▸ DATA SUPPLIED
BEGIN

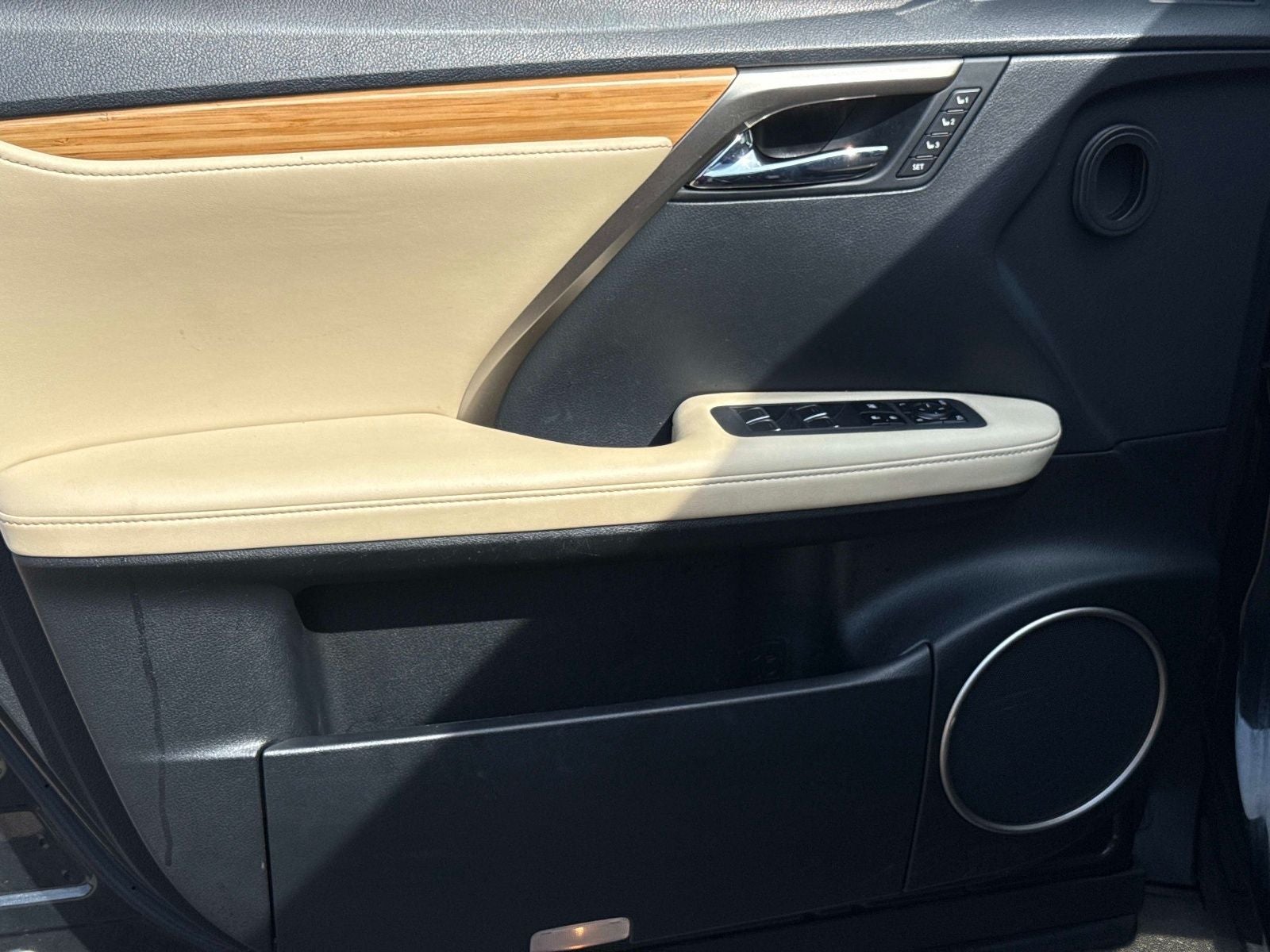 2021 Lexus RX 350L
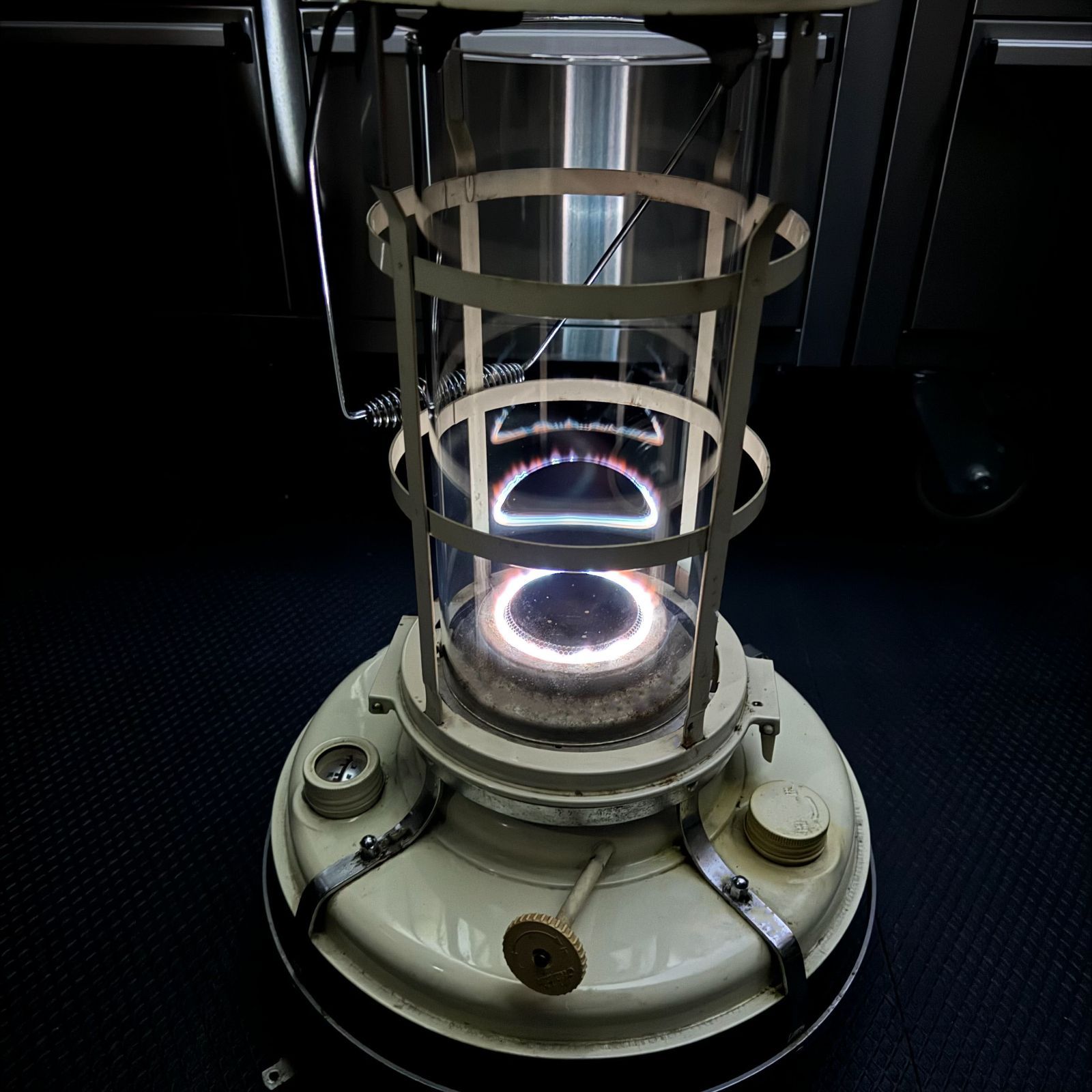 アラジン ストーブ 8型、15型、16型、25型、32型、37型、38型、39型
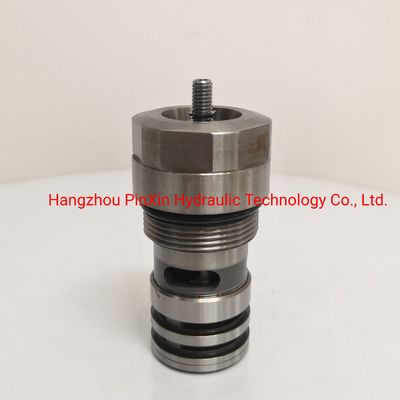 Rexroth A4vg125 DA Ventil für hydraulische Kolbenpumpen Teile zu erschwinglichen Preisen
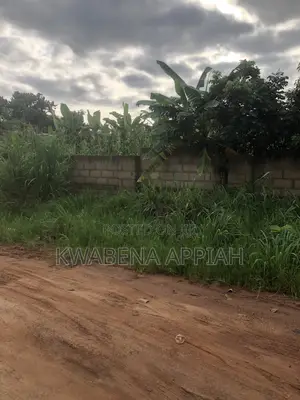 Plot of Land Is on Sales at Kasoa Adade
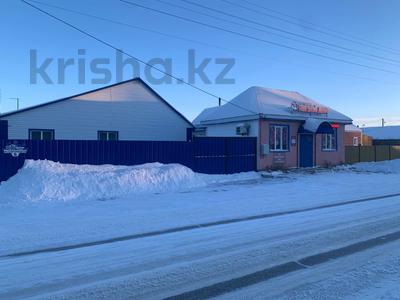 Отдельный дом · 5 комнат · 118.3 м² · 15 сот., Санта Барбара за 61 млн 〒 в Бишкуле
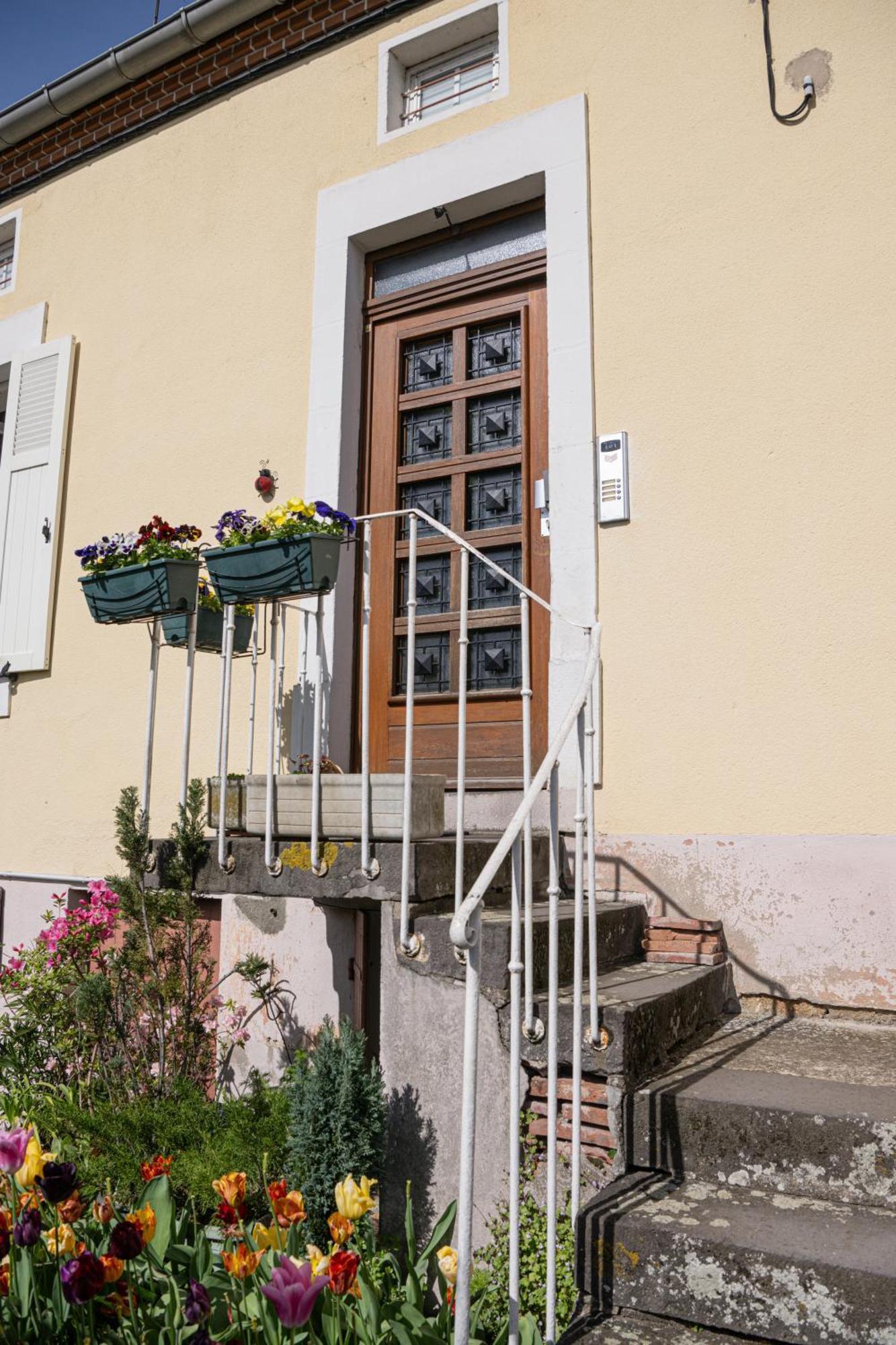 La Belle Rive Du Voyageur Bellerive-sur-Allier Exterior foto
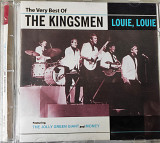 The Very Best of the Kingsmen - Louie, Louie (1998)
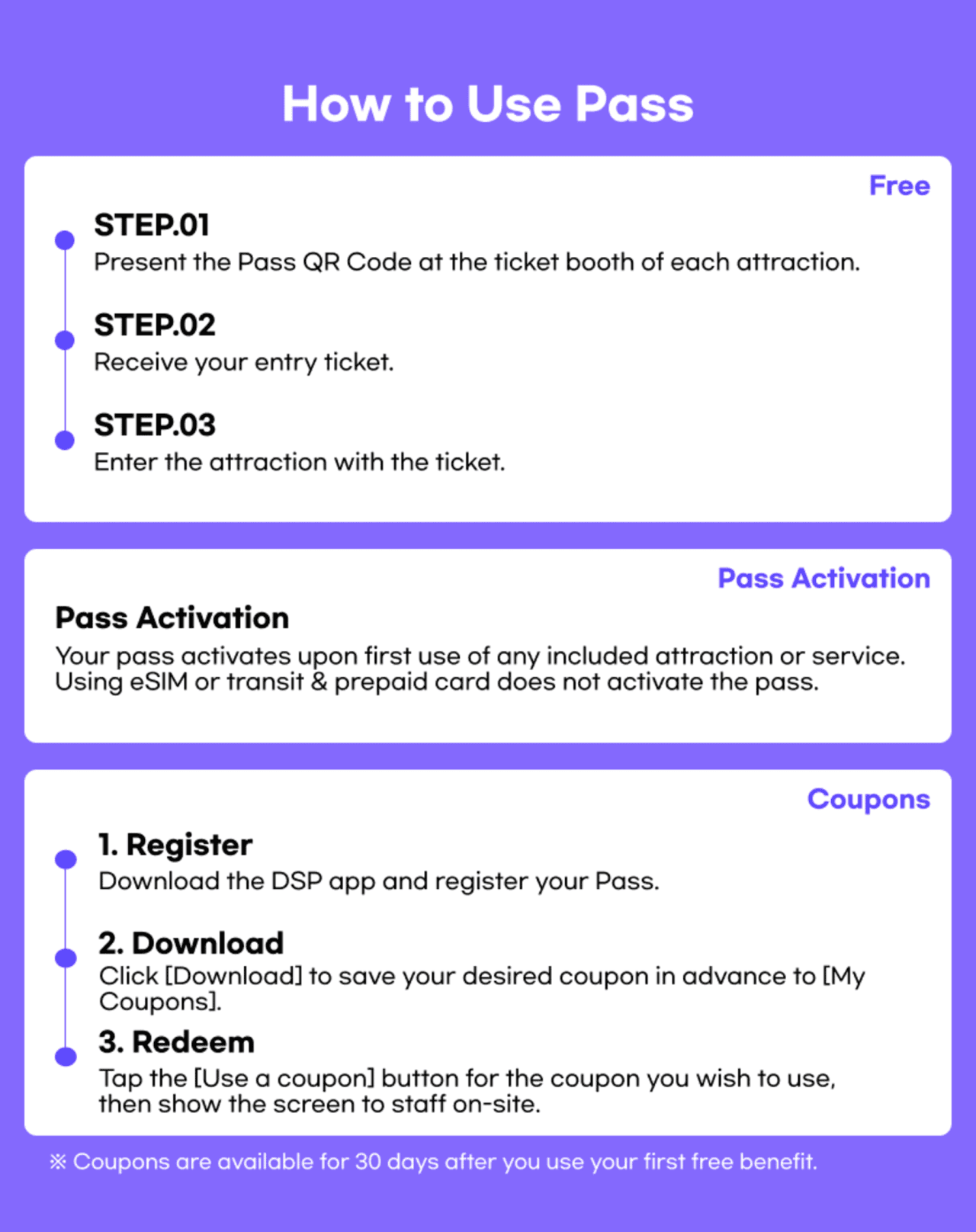 Discover Seoul Pass - image 6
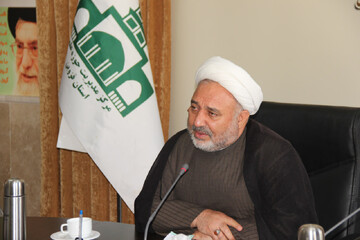ملت ایران، مردمی مقاوم، پرتلاش و وفادار هستند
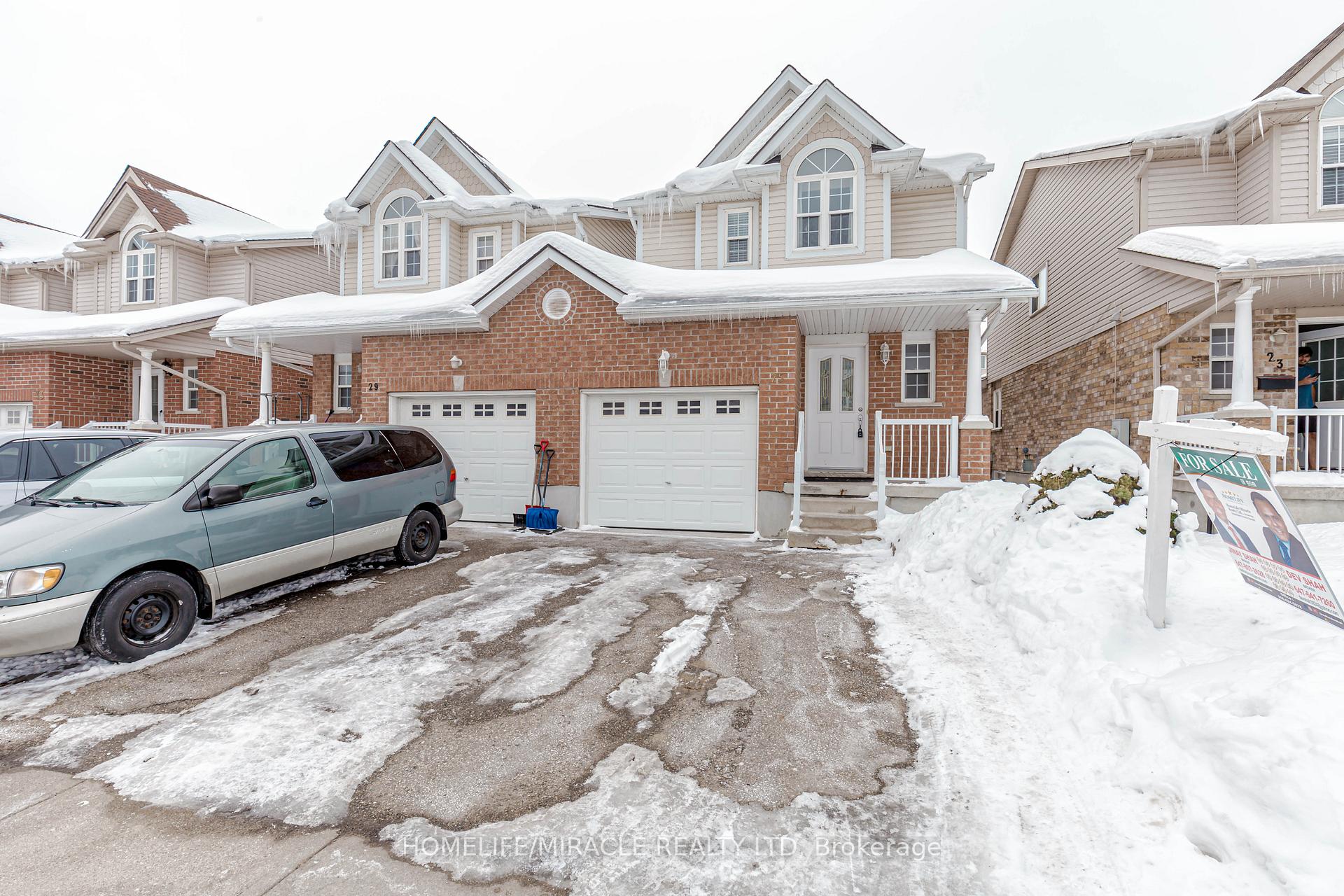 Photo 49 of 25 Donnenwerth Drive, Kitchener — HOMEH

END

▸ TASK DETAILS
From the very first line of the listing above through the line that holds "Отдельный дом ·", write out each line exactly as it stands, leaving pictures out.

▸ EXERCISE OUTPUT
 2021 Lexus RX 350L
 アラジン ストーブ 8型、15型、16型、25型、32型、37型、38型、39型
 Rexroth A4vg125 DA Ventil für hydraulische Kolbenpumpen Teile zu erschwinglichen Preisen
 Plot of Land Is on Sales at Kasoa Adade
 Отдельный дом · 5 комнат · 118.3 м² · 15 сот., Санта Барбара за 61 млн 〒 в Бишкуле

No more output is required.